31 października 2011

Fioletowo aż do bólu ;)

Aaa, jak już tak dziś szaleję z tymi postami, to wrzucam zapowiadaną fioletową kartkę na monochromatyczne wyzwanie #29 na blogu Let's gest shabby. Wyjęłam z pudełek i szafek wszystko, co w moich scrapowych zasobach ma kolor fioletowy i powstała taka karteczka - która bardzo podoba się mojej mamie, a z której ja jestem średnio zadowolona ;)
Mamy tu różne papierowe kwiatki ze scrapcomu, samoprzylepne diamenciki z tego samego sklepu, motylki odbite fioletowym tuszem Latarnia Morska, kilka fioletowych kropelek akrylowych, kilka guzików w różnych odcieniach fioletu, wykrojnikową ramkę z naturalnego papieru barwionego, fioletowy szyld z kolekcji Vineyard Lemonade, fioletowy papier ILS w tle, a nawet - fioletową bazę :D Aż mi się w oczach zafioleciło!! A Wam? ;)

Zrobiłam z rozpędu również kartkę brązową (chyba ładniejsza od tej fioletowej :P) i w połowie mam zrobioną niebieską, ale nie potrafię znaleźć odpowiedzi na pytanie, czy na wyzwania Let's gest shabby mogę zgłosić więcej, niż jedną pracę... Jeśli ktoś coś wie na ten temat - bardzo proszę o uświadomienie mnie w komentarzu :)

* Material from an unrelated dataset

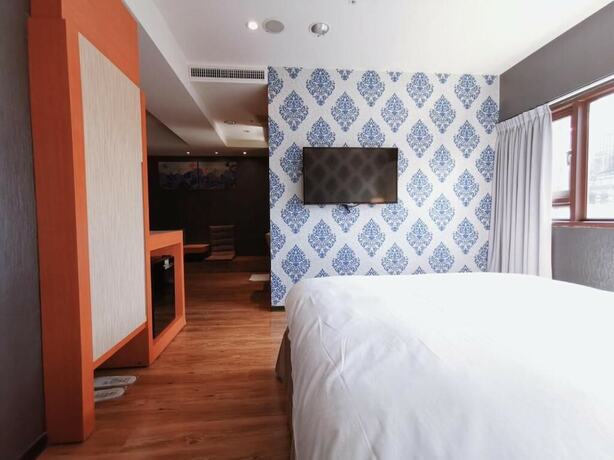 Imagen de la habitación del Hotel Talmud Yizhong. Foto 23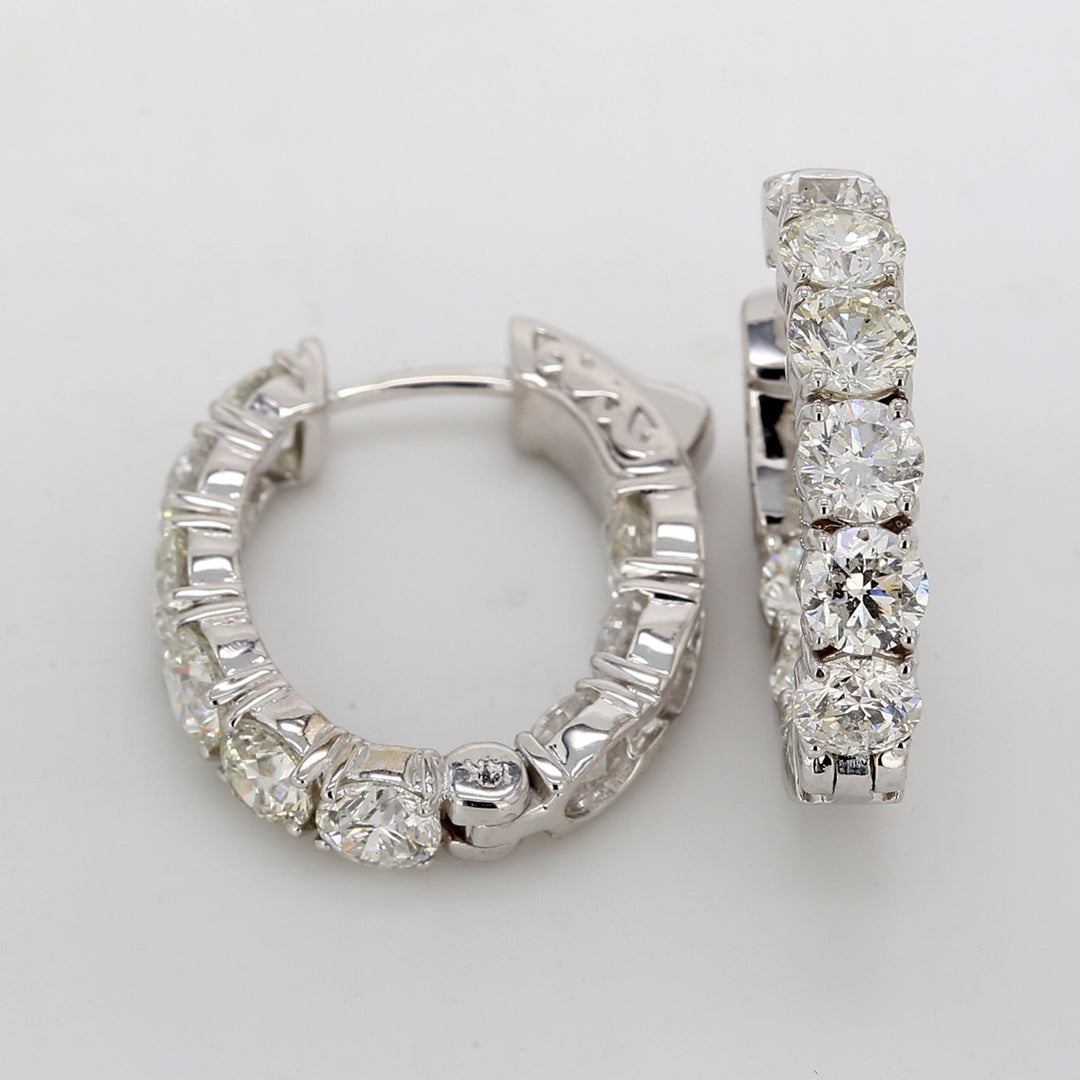 0.75"" Oval shaped inside out hoop earrings with shared prong set round diamonds.  D5.40ct.t.w.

Bo tylko Ty masz klucz do mojego serca!

Na chwilkę muszę przerwać pokazywanie wczoraj stworzonych kartek, ponieważ przypomniało mi się (niemal na ostatnią chwilę :P), że chciałam wziąć udział w wyzwaniu#14 na blogu wyzwaniowym sklepu scrapki.pl!!! Rzuciłam wszystko, czym się akurat zajmowałam i zrobiłam scrap według pomysłu, który od dawna siedział w mojej głowie :) Poziom prac zgłaszanych na wyzwania scrapki.pl jest zawsze tak niesamowicie wysoki, że nie mam szans na wyróżnienie, ale biorę udział w tych wyzwaniach, bo 1) są interesujące i inspirujące, 2) tak sobie postanowiłam, 3) może będę mieć kiedyś szczęście przy losowaniu bonu na zakupy :P A w tym wyzwaniu wzięłam udział także dlatego, iż w końcu miałam okazję użyć tekturkowy zestaw klucz + dziurka od klucza, który dostałam kiedyś od Ayeedy :* :)
To tyle, jeśli chodzi o mój przydługawy wstęp, a teraz czas na fotki tyle co zrobionego scrapa, nawet Magic nie zdążył jeszcze dobrze wyschnąć ;) Przepraszam za szaro-bure zdjęcia, ale słońce mi uciekło...
Szczegóły:
 I zbliżenie na wymaganą dziurkę od klucza ;)
I jeszcze raz całość z okrutnie nie pasującym tłem :D

Jeszcze tekst, który zapisałam na tagu, a który uzupełnia temat wyzwania "Przez dziurkę od klucza":
Przeglądam się w Tobie
jak w lustrze: jesteś
odbiciem moich marzeń,
potrzeb, uczuć, emocji,
wspomnień, doświadczeń.
Spoglądasz na mnie
i widzisz wszystko.
Tylko Ty masz klucz
do mojego serca.
Podglądasz mą duszę
przez dziurkę od klucza...


Starałam się stworzyć pracę delikatną, subtelną i pełną szczegółów. Średnio mi to wyszło, no ale efekt końcowy nie jest chyba taki zły? :)
Użyłam naklejki-literki, kwiaty prima, ćwieki perłowe i szklane, biały dabber - wszystko ze scrapcomu, a do tego papier Lemonade, papiery Autenthique, napisy ILS, kawałek UHKowego papieru, perełki w dwóch rozmiarach i "brylanty", skrawek koronki, kilka guzików. Nie mogło też zabraknąć motyli z dziurkacza MS ;)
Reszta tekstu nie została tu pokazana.